Exercise brief:
In the listing below, locate the line containing "バズった「動物たちの動画」は飼育員が撮影　休園中の動物園の裏…" and copy it and every line after it through the end, exactly as written, leaving out any pictures.

# # # # #

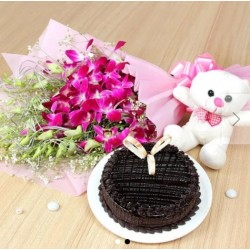 Cuddly Choco Odyssey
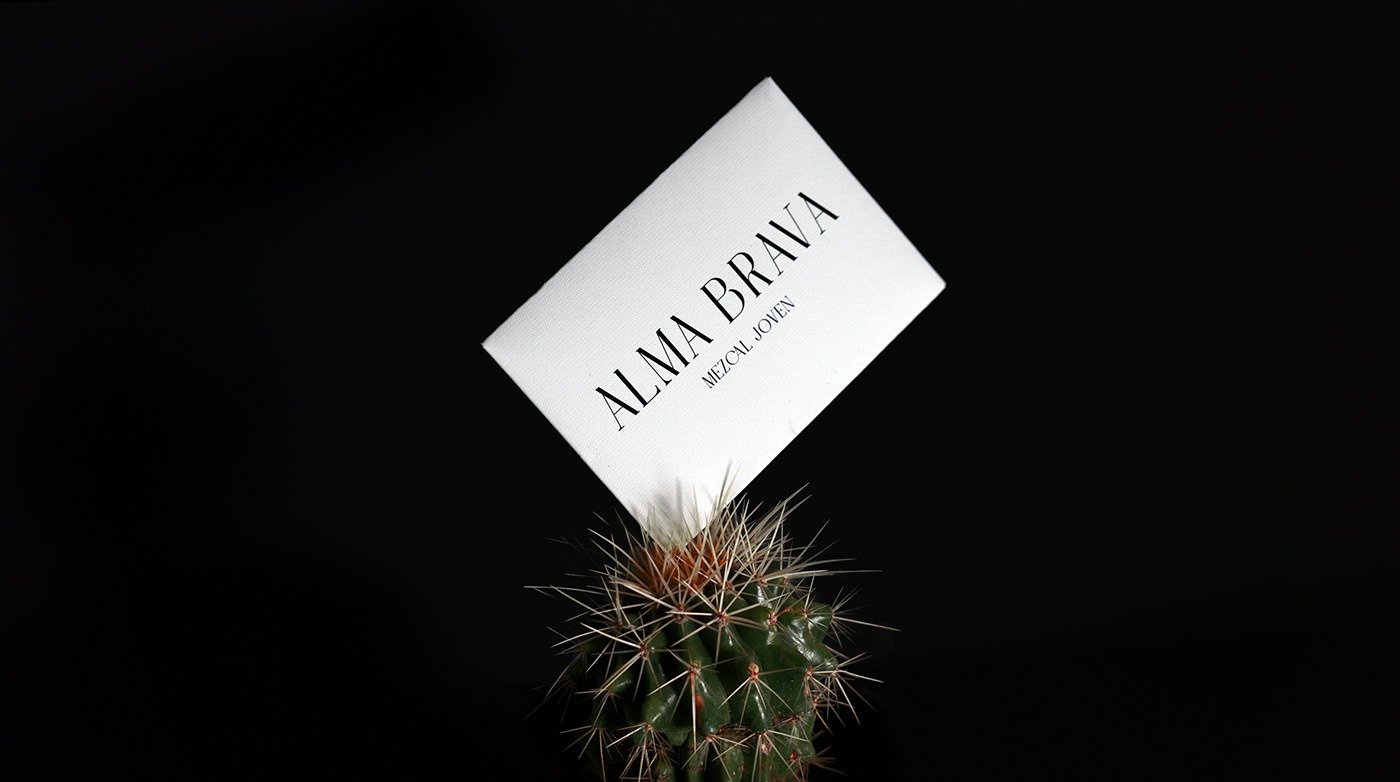 Alma Brava project image 5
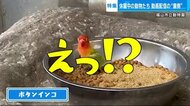 バズった「動物たちの動画」は飼育員が撮影　休園中の動物園の裏…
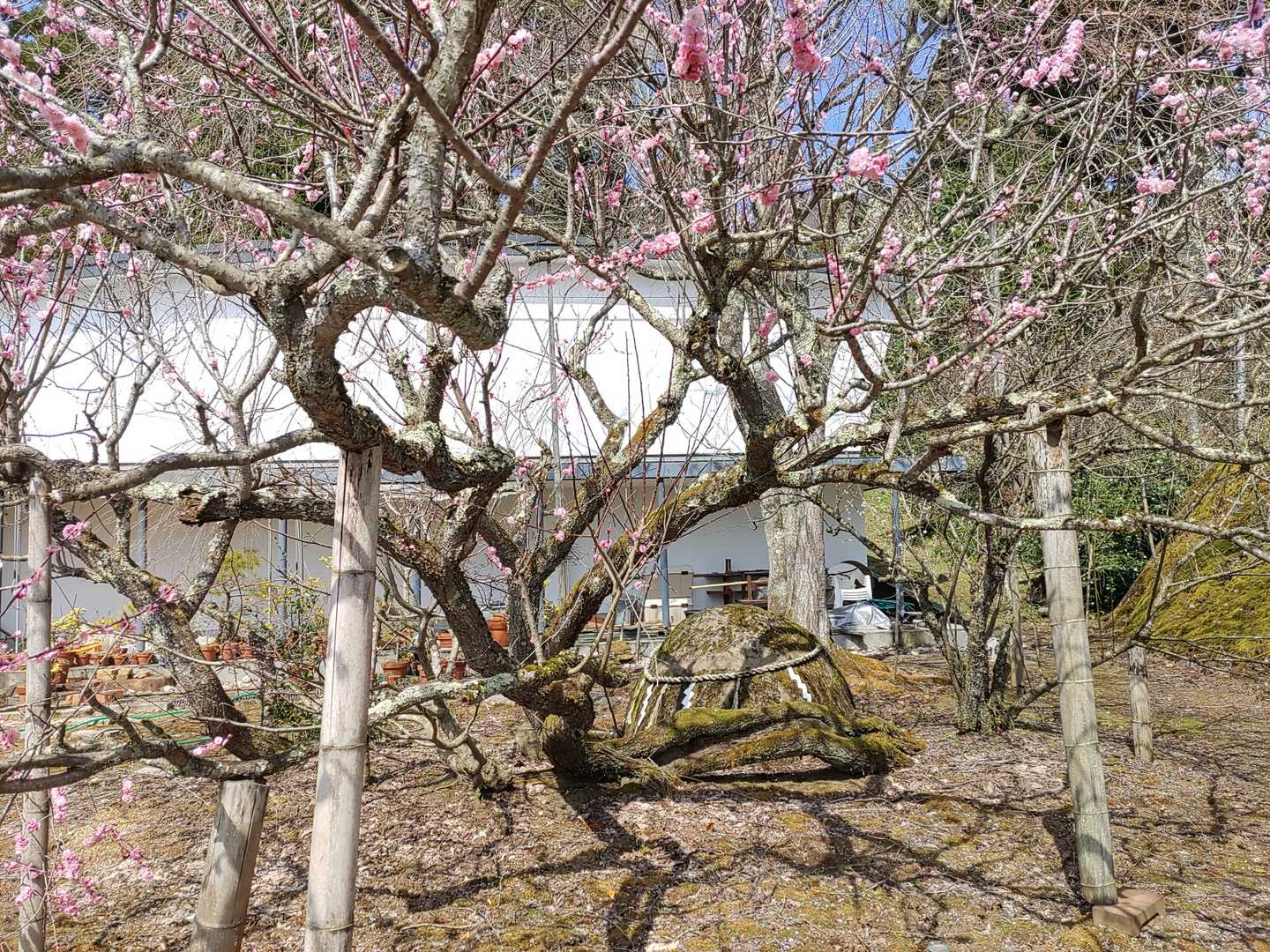 あの岩は御神体？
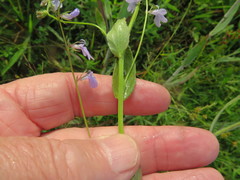 Lobelia appendiculata
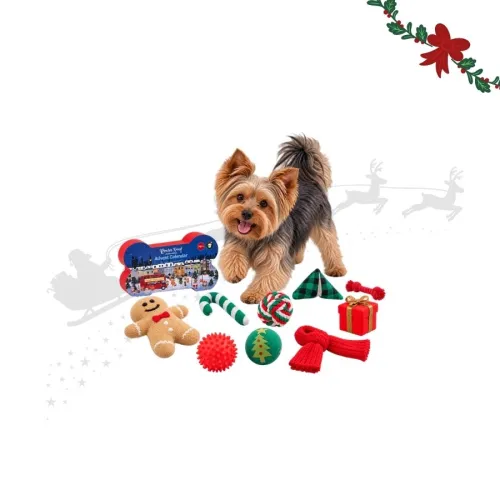 Wonder Christmas Calendario Adviento Premium Juguete para perros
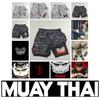 Berserk Muay Thai Kick Boxing UFC MMA Mixed Marcial Art Shorts Anime Men Women Unisex Double Layer Quick Dry Breathable Sport Gym Fitness Workout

# # # # #

Answer section:
 バズった「動物たちの動画」は飼育員が撮影　休園中の動物園の裏…
 あの岩は御神体？
 Lobelia appendiculata
 Wonder Christmas Calendario Adviento Premium Juguete para perros
 Berserk Muay Thai Kick Boxing UFC MMA Mixed Marcial Art Shorts Anime Men Women Unisex Double Layer Quick Dry Breathable Sport Gym Fitness Workout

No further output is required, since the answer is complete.